Now let's make a prediction and compare it to a hand-calculation.

In [6]:
text = 'hello spam'

probs_if_spam = [
    (1 + 0.5) / (1 + 2 * 0.5),      # "spam"  (present)
    1 - (0 + 0.5) / (1 + 2 * 0.5),  # "ham"   (not present)
    1 - (1 + 0.5) / (1 + 2 * 0.5),  # "rules" (not present)
    (0 + 0.5) / (1 + 2 * 0.5)       # "hello" (present)
]

probs_if_ham = [
    (0 + 0.5) / (2 + 2 * 0.5),      # "spam"  (present)
    1 - (2 + 0.5) / (2 + 2 * 0.5),  # "ham"   (not present)
    1 - (1 + 0.5) / (2 + 2 * 0.5),  # "rules" (not present)
    (1 + 0.5) / (2 + 2 * 0.5),      # "hello" (present)
]

p_if_spam = math.exp(sum(math.log(p) for p in probs_if_spam))
p_if_ham = math.exp(sum(math.log(p) for p in probs_if_ham))

assert model.predict(text) == p_if_spam / (p_if_ham + p_if_spam)

So it works with training wheels on. Let's do it on real data.

## A spam filter: using our model

In [8]:
# from io import BytesIO
# import requests
# import tarfile

# base_url = "https://spamassassin.apache.org/old/publiccorpus"
# files = ["20021010_easy_ham.tar.bz2",
#          "20021010_hard_ham.tar.bz2",
#          "20021010_spam.tar.bz2"]

# output_dir = 'spam_data'

# for file in files:
#     content = requests.get(f"{base_url}/{file}").content
#     fin = BytesIO(content)
#     with tarfile.open(fileobj=fin,mode='r:bz2') as tf:
#         tf.extractall(output_dir)

To keep things simple we'll only look at the subject lines of the emails.

In [9]:
import glob, re

path = 'spam_data/*/*'

data: List[Message] = []
    
for file in glob.glob(path):
    is_spam = "ham" not in file
    
    with open(file,errors='ignore') as email_file:
        for line in email_file:
            if line.startswith("Subject:"):
                subject = line.lstrip("Subject: ")
                data.append(Message(subject,is_spam))
                break

Now we can split into train-test.

In [11]:
import random
from scratch.machine_learning import split_data
random.seed(0)

train_messages, test_messages = split_data(data,0.75)
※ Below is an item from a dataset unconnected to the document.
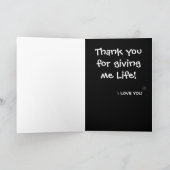 Lieve Geboorte Moeder Kaart (Binnen)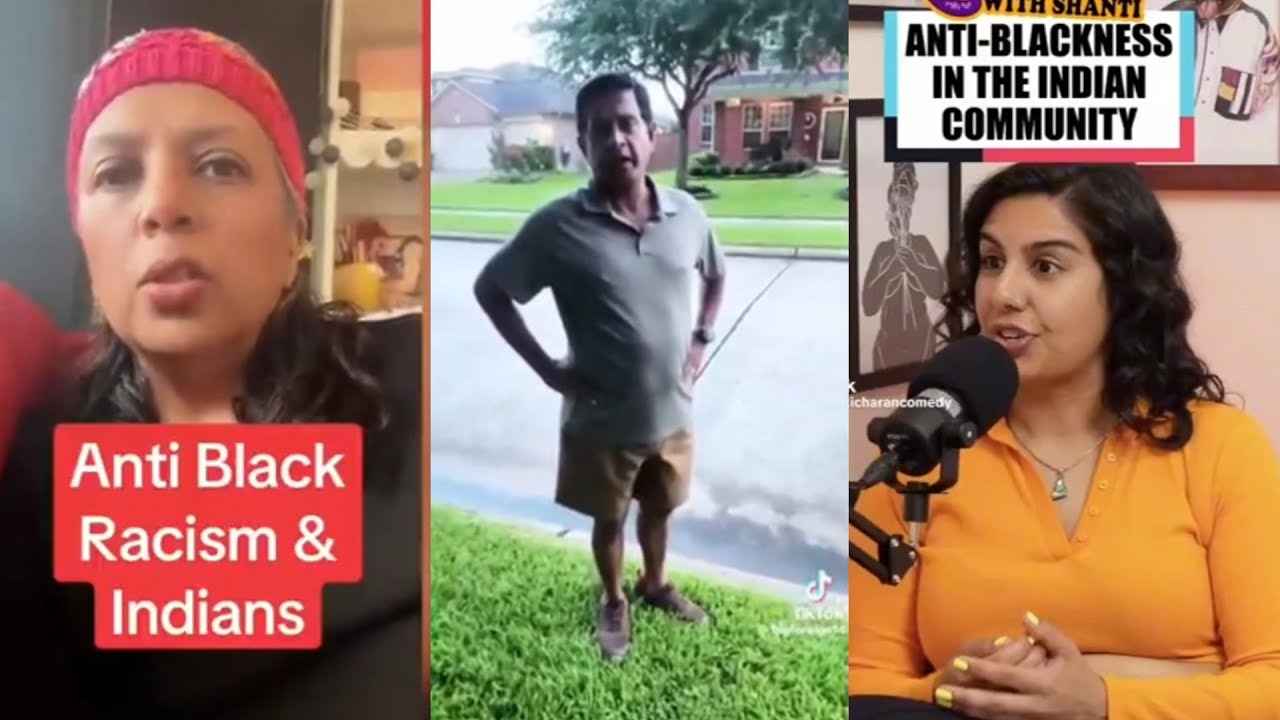 INDIAN MAN EXPOSED FOR ANTI-BLACK RACISM ON BLACK AMERICAN SO THE INDIAN COMMUNITY DID THIS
model = NaiveBayesClassifier()
model.train(train_messages)

Now let's generate some predictions and see how the model does:

In [12]:
from collections import Counter

predictions = [(message, model.predict(message.text))
               for message in test_messages]

confusion_matrix = Counter((message.is_spam, spam_probability > 0.5) 
                           for message, spam_probability 
                           in predictions)

print(confusion_matrix)

Counter({(False, False): 670, (True, True): 86, (True, False): 40, (False, True): 29})


This gives 84 true positives (spam classified as “spam”), 25 false positives (ham classified as “spam”), 703 true negatives (ham classified as “ham”), and 44 false negatives (spam classified as “ham”). This means our precision is 84 / (84 + 25) = 77%, and our recall is 84 / (84 + 44) = 65%, which are not bad numbers for such a simple model. (Presumably we’d do better if we looked at more than the subject lines.)

In [13]:
def p_spam_given_token(token:str, model: NaiveBayesClassifier) -> float:
    prob_if_spam, prob_if_ham = model._probabilities(token)
    return prob_if_spam / (prob_if_spam + prob_if_ham)

words = sorted(model.tokens,key=lambda t: p_spam_given_token(t,model))

In [15]:
print("spammiest words", words[-10:])

spammiest words ['zzzz', 'attn', '95', 'clearance', 'per', 'money', 'sale', 'rates', 'systemworks', 'adv']


In [17]:
print("hammiest words", words[:10])

hammiest words ['spambayes', 'users', 'razor', 'zzzzteana', 'sadev', 'apt', 'perl', 'ouch', 'spamassassin', 'selling']